Moving Forward at Manzanar

It’s officially been two weeks, more or less, since I started my internship at MNHS, and this place is getting busy! I’m so pleased to say that this past week has been highly productive. While doing research on the Owens Valley Paiute for the exhibit I’m working on, I made a trip to the Eastern California Museum (ECM), which is about fifteen minutes north of Manzanar. It houses the most spectacular collection of Native American basketry I have ever seen. The museum’s curator, Roberta Harlan, has an extensive knowledge of the cultural and natural history of Inyo County and the Eastern Sierra. She often has people reaching out to her for help sources on their research papers. They have an impressive archive, and you can find out more about them here.

Owens Valley Paiute baskets on display at the Eastern California Museum.

 

Panamint Shoshone baskets on display at the Eastern California Museum.

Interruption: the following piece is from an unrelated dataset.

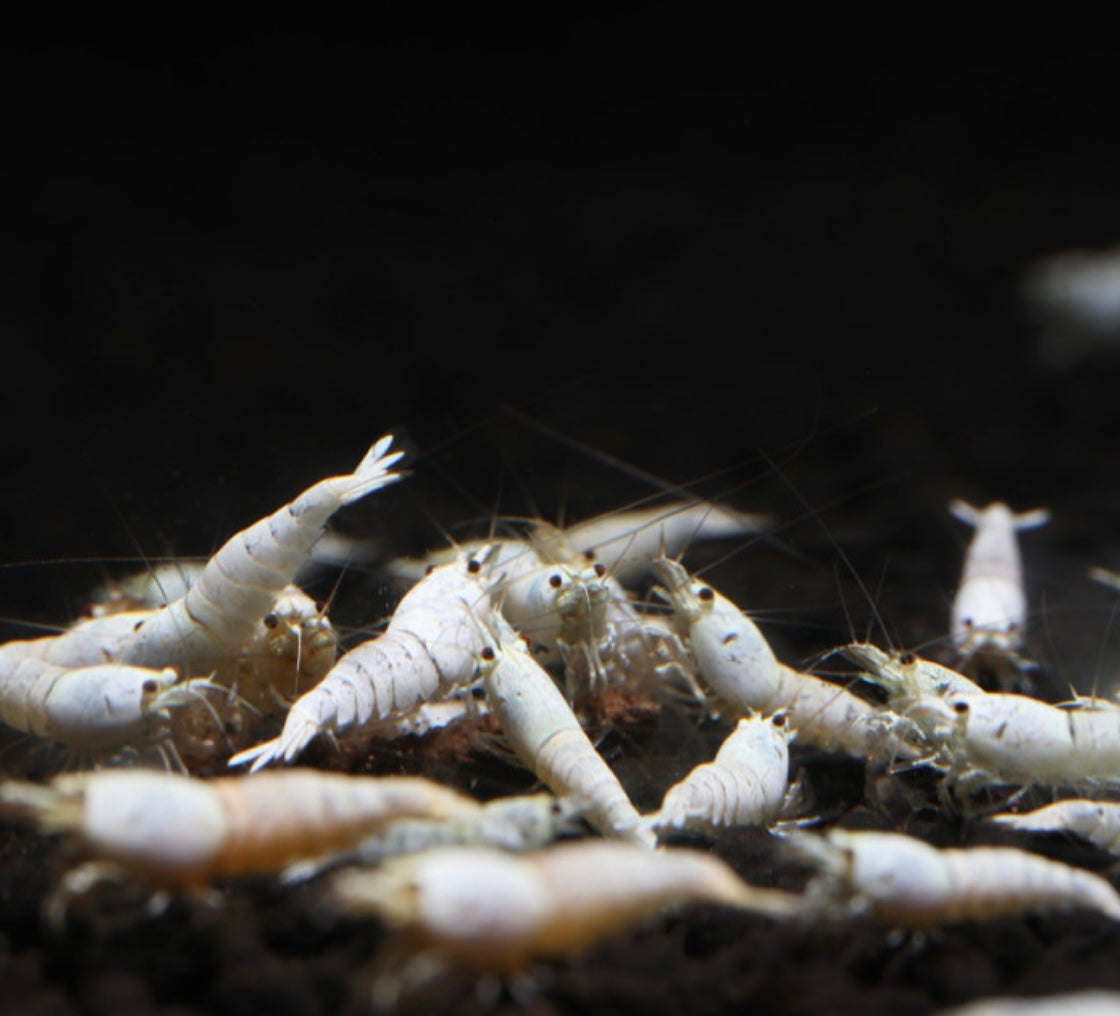 10 Caridina Sp. Pure White Line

  My supervisor and I also met with the Paiute-Shoshone family from Lone Pine and made some solid plans to move forward with their exhibit. It seems that they are just as enthusiastic about the project as we are and it’s very satisfying to see the project moving forward. The family has a personal connection to Manzanar that dates back to the early 20th-century and they gave us more insight into their family history in our initial meeting. The family has also agreed to share some of their personal items and photographs with us so that that we can help preserve them for future generations to see. The exhibit will offer a glimpse of Paiute life in the Owens Valley through their eyes. My other project is to develop a garden walking tour for the park. I’ll be implementing components from some previous comprehensive work done by our archaeologist, Jeff Burton. The plan is to develop a small booklet/brochure highlighting different routes that will take visitors throughout the park to see the Japanese gardens that have been uncovered. All routes are marked by distance and time, making it more convenient for visitors to determine what they’d like to see depending on how much time they have to spend on the site.

The Arai Fish Pond will be a key feature on the garden walking tour.

There is a lot to do and learn from here at Manzanar, which is why my posts are a bit lengthy. For that reason, I will do a separate blog post with pictures of the different Japanese gardens that will be featured in the garden walking tour. Hopefully, they’ll encourage some of you to visit soon! Until then, adiós!